4) What, then, is the role of the executive coach?

01/01/2011 00:00

    To contrast executive coaches with those from team sports: the latter have three key roles: "staffing," "training" and "strategy." Staffing consists of deciding who is on the team, what positions they are going to play, and attracting stars to the team. Training consists of improving the skills of individual players, and of the players in combination with one another. Strategy consists of analyzing the competitors and coming up with a plan to defeat them.

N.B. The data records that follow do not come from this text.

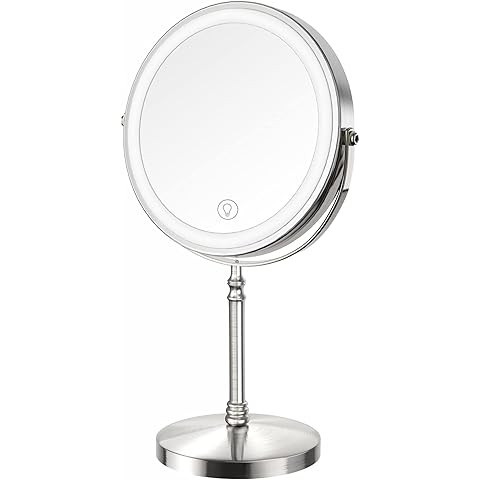 Professional 8.5" Large Lighted Makeup Mirror with Brighter Lights, 1X/10X True HD Magnifying Mir... | Amazon (US)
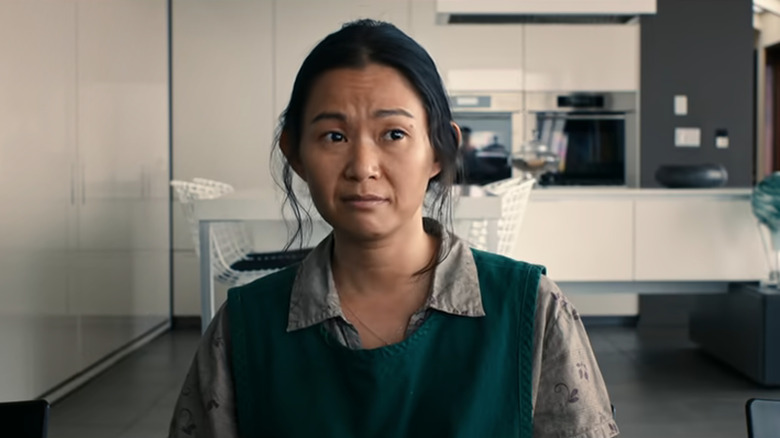 Ngoc Lan sitting in kitchen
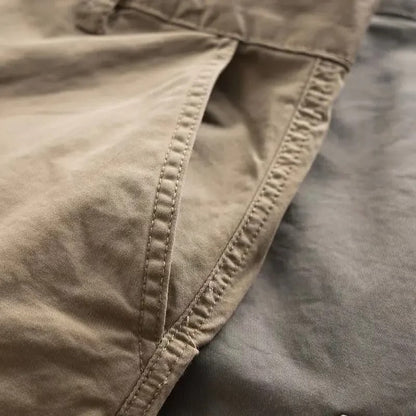Comfortable men's tapered cargo pants, designed for soft everyday wear, ideal for relaxed casual outfits.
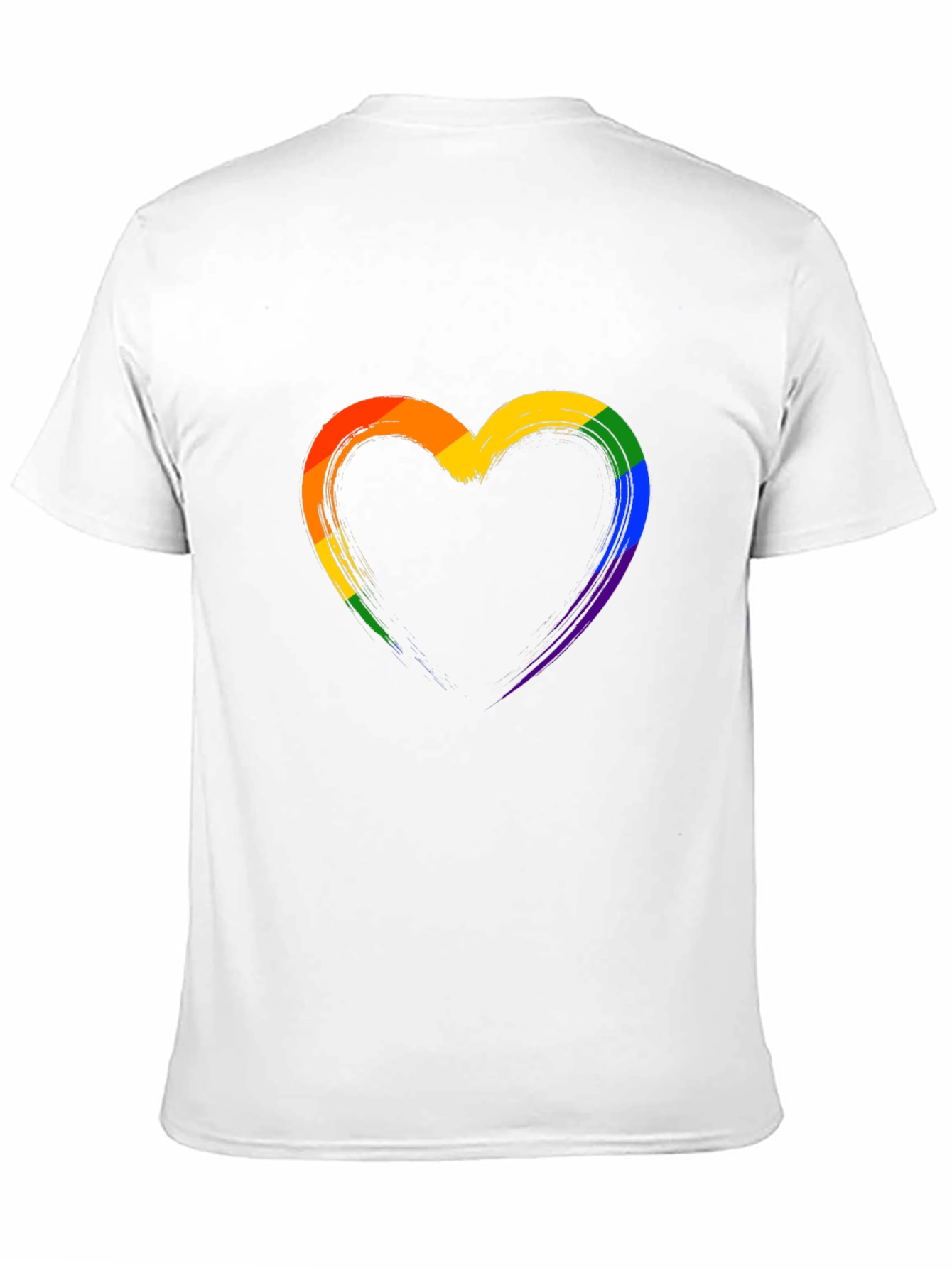 Black Pride Heart T-Shirt - Rainbow Love view 11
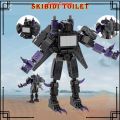 CozyCompatible with Lego Skibidi toilet Building Block toilet Man vs Doll Figure Figure Model Titan TV Man Educational Toys. 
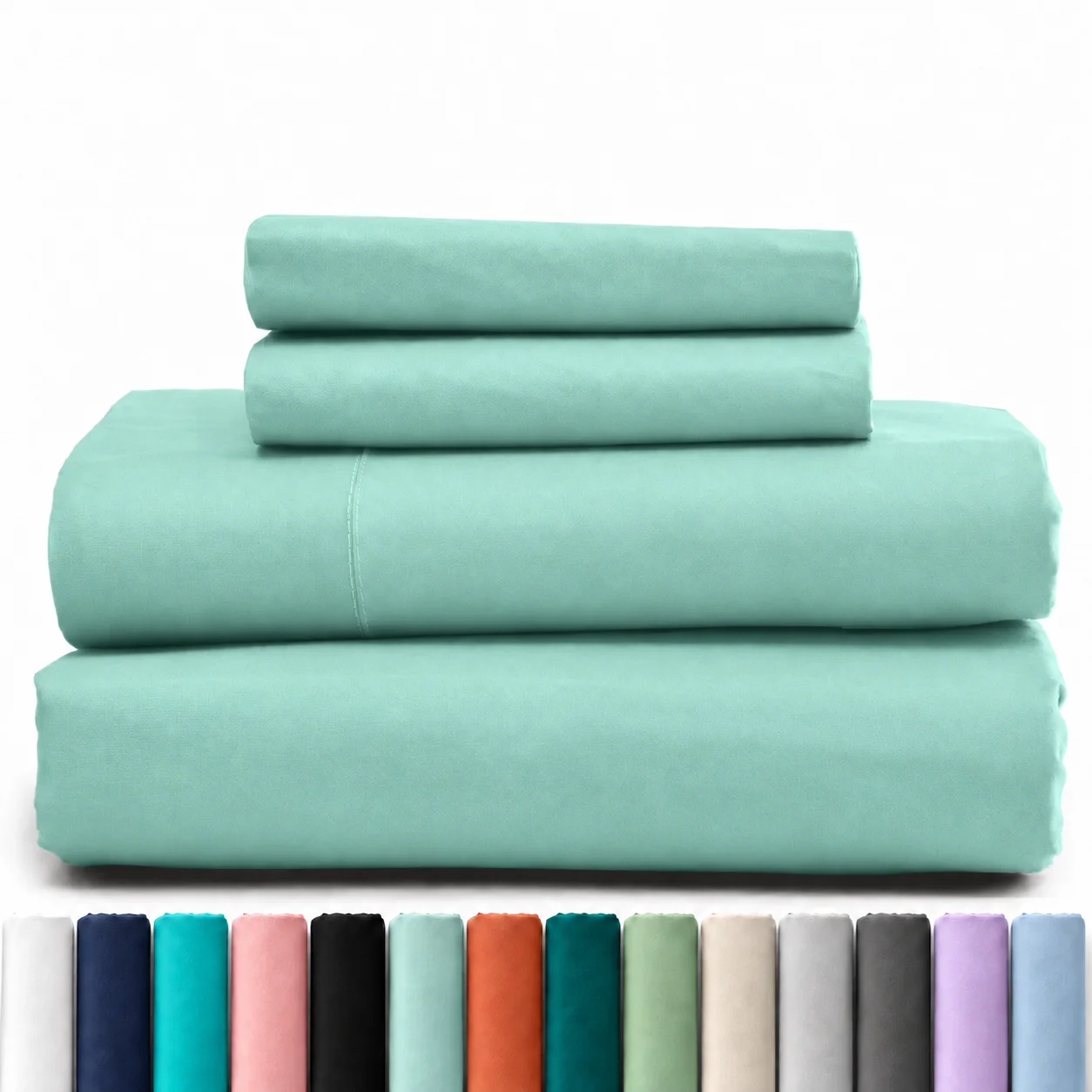 Juego de sábanas, sábanas tran - Fitted Bed Sheets Deep Pocket reseña y precio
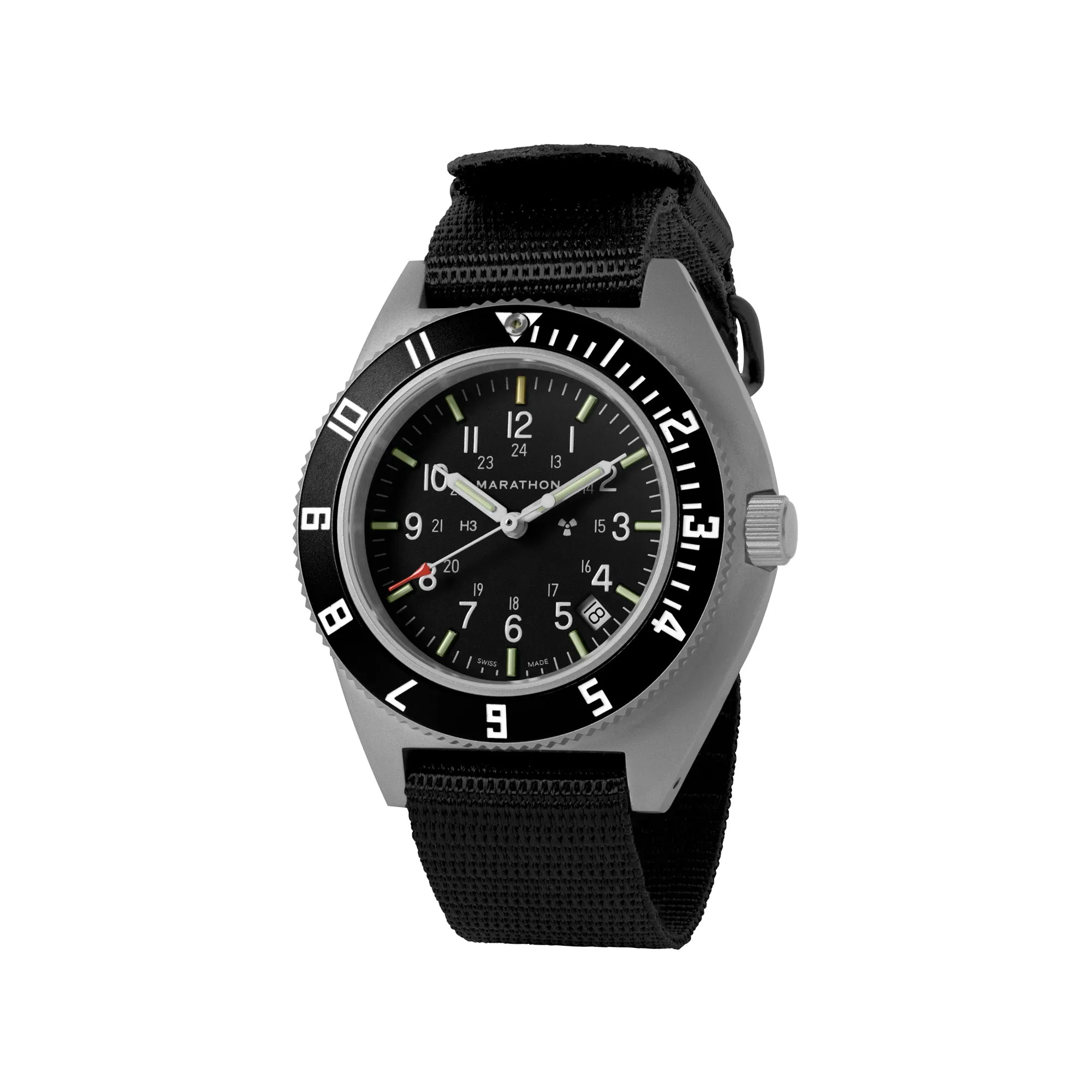 41mm Steel Navigator w/ Date (SSNAV-D) on Ballistic Nylon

    The major difference in executive coaching is that the coach does not exercise this kind of authority. In fact, for the coach even to suggest individuals for promotion, let alone termination, may well be counterproductive. People can start spending more time thinking about corporate politics and worrying about the unknown coach (the mysterious backroom kingmaker) than about getting their real work done. If a coach is involved in staffing, more appropriate is for him to assist in determining what kinds of individuals are best suited for which positions, and what ways should be used to attract, retain and develop them. 

    The general role of the coach is discussed in "The Wild West of Executive Coaching," Harvard Business Review,  Alyssa M. Freas, November 2004. The article´s abstract states:

 

            “. . .strategic coaching can bring leaders into alignment with organizational aims, while fostering cultural changes. . . one-on-one interaction with an objective third party can provide a focus that other forms of organizational support simply cannot."

 

    The prejudice that coaching was used to help underachievers no longer applied. The article cites a 2004 survey by Right Management Consultants of Philadelphia. In the survey 86% of the respondents indicated that at their company coaching was aimed at managers who were considered future leaders. 

 

            "Coaching has evolved into the mainstream fast," says Michael Goldberg, president of Building Blocks Consulting (Manalapan, New Jersey), whose clients include New York Life and MetLife. "This is because there is a great demand in the workplace for immediate results, and coaching can help provide that." How? By providing feedback and guidance in real time, says Brian Underhill, a senior consultant at the Alliance for Strategic Leadership (Morgan Hill, California). He adds that coaching has the advantage of taking place "in the context of their current jobs."

 

    In addition to assisting experienced senior managers with strategic challenges, executive coaches sometimes have a role in the transition to a new CEO. In this case coaching entails issues such as pre-boarding negotiations and accelerated integration of the new CEO (on-boarding, the first hundred days, managing the board, merging a new senior team).

    Coaches can also play a role when a factory workforce, or entire division, is re-organized, when a quality initiative or new product is introduced, or when a strategic alliance, merger or acquisition is negotiated. An effective coach is not usually perceived as either a "deal maker" or a "deal breaker" but rather as an agent of change.